* Dataset content

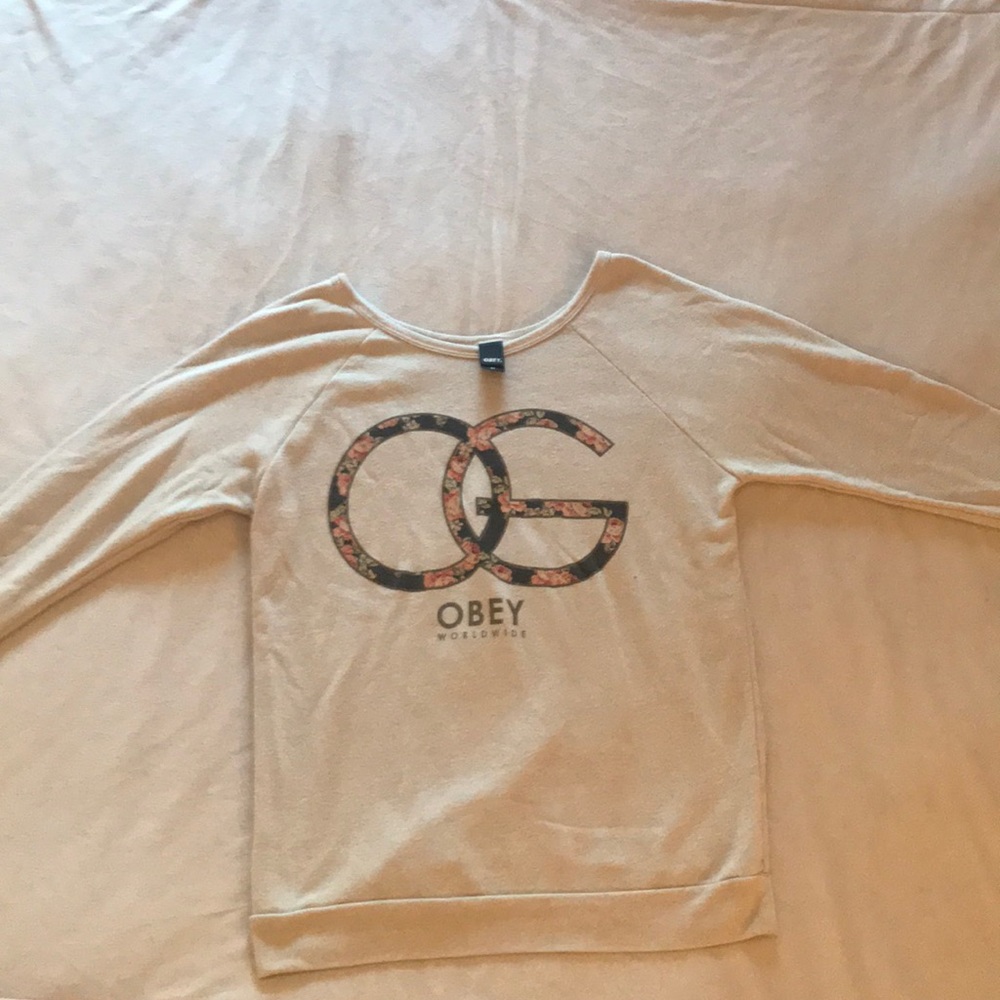 Medium Obey sweater.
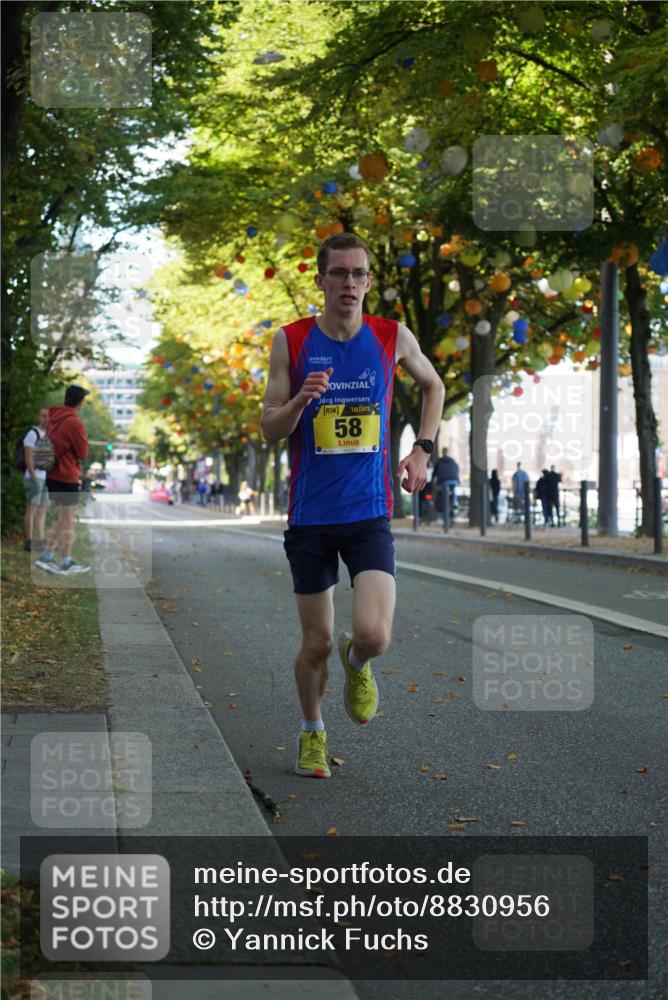 07.09.2025 - BARMER Alsterlauf Yannick Fuchs http://msf.ph/oto/8830956 07.09.2025 11:12:05 Laufen 58 meine-sportfotos.de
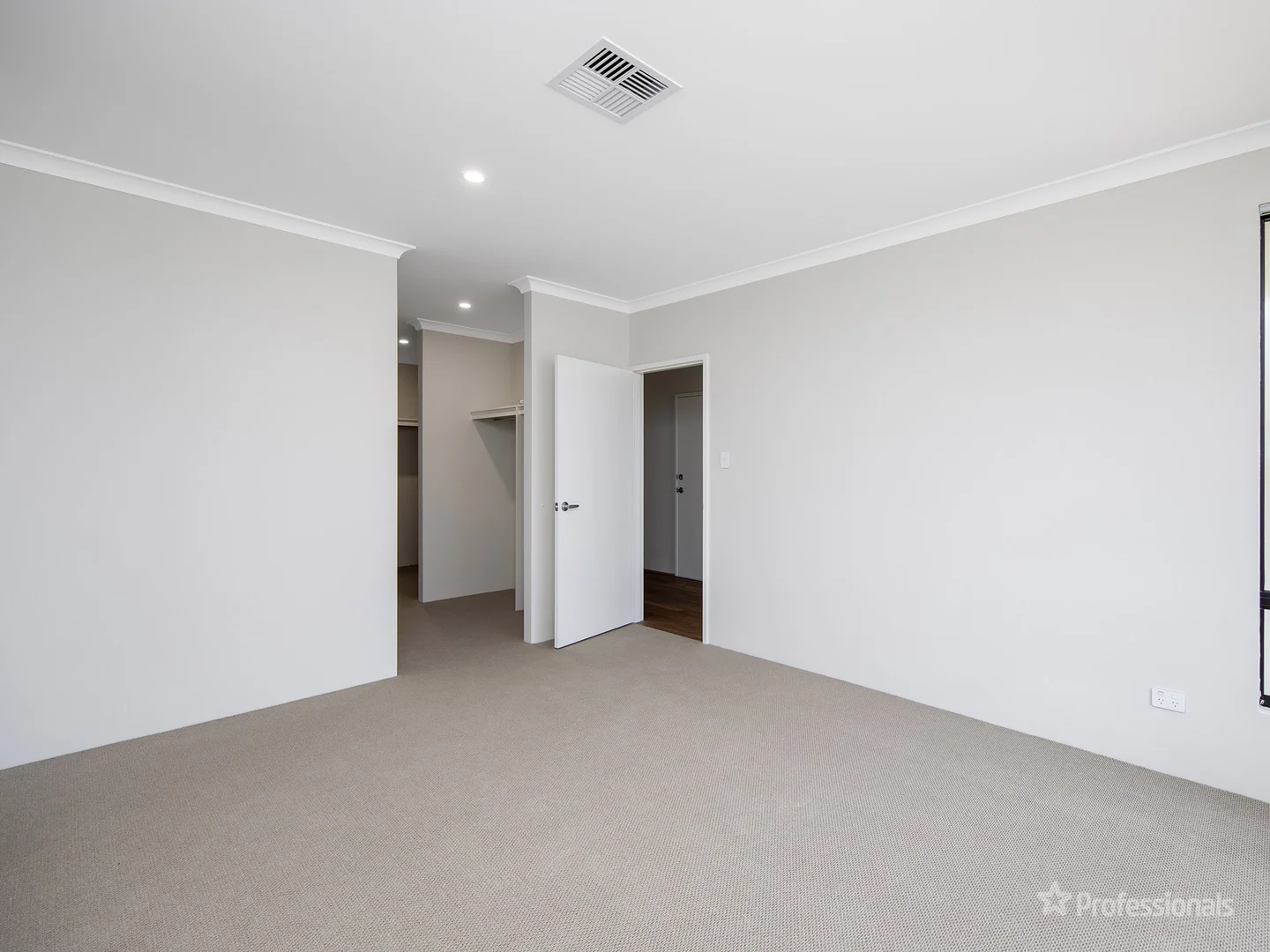 Additional image 5 of 8 Almond Street, Eglinton WA 6034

* Problem to work on
Copy exactly, and only, the lines running from the one containing "07.09.2025 - BARMER" through the final line of the data, and omit the pictures.

* Exercise answer
 07.09.2025 - BARMER Alsterlauf Yannick Fuchs http://msf.ph/oto/8830956 07.09.2025 11:12:05 Laufen 58 meine-sportfotos.de
 Additional image 5 of 8 Almond Street, Eglinton WA 6034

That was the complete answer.